§ Provided data
=== Section Start ===

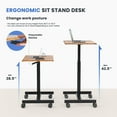 thumbnail image 2 of EDX Mobile Small Laptop Stading Desk, Portable Rolling Laptop Desk with Lockable Wheels and Adjustable Height, Rust, 2 of 8
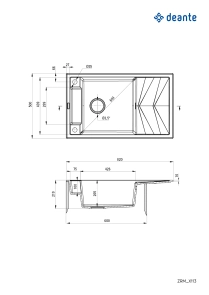 Мойка кухонная Deante Magnetic, гранит, прямоугольная, с крылом, 820х500х219мм, чаша - 1, накладная, алебастр №3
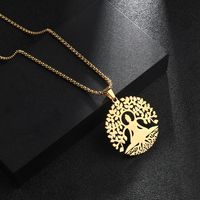 201 Stainless Steel Hip-Hop Hollow Out Round Life Tree Skull Pendant Necklace sku image 9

=== Section End ===

§ Instructions for the task
Once the pictures are set aside, restate the remaining data above exactly.

§ Result of the task
 thumbnail image 2 of EDX Mobile Small Laptop Stading Desk, Portable Rolling Laptop Desk with Lockable Wheels and Adjustable Height, Rust, 2 of 8
 Мойка кухонная Deante Magnetic, гранит, прямоугольная, с крылом, 820х500х219мм, чаша - 1, накладная, алебастр №3
 201 Stainless Steel Hip-Hop Hollow Out Round Life Tree Skull Pendant Necklace sku image 9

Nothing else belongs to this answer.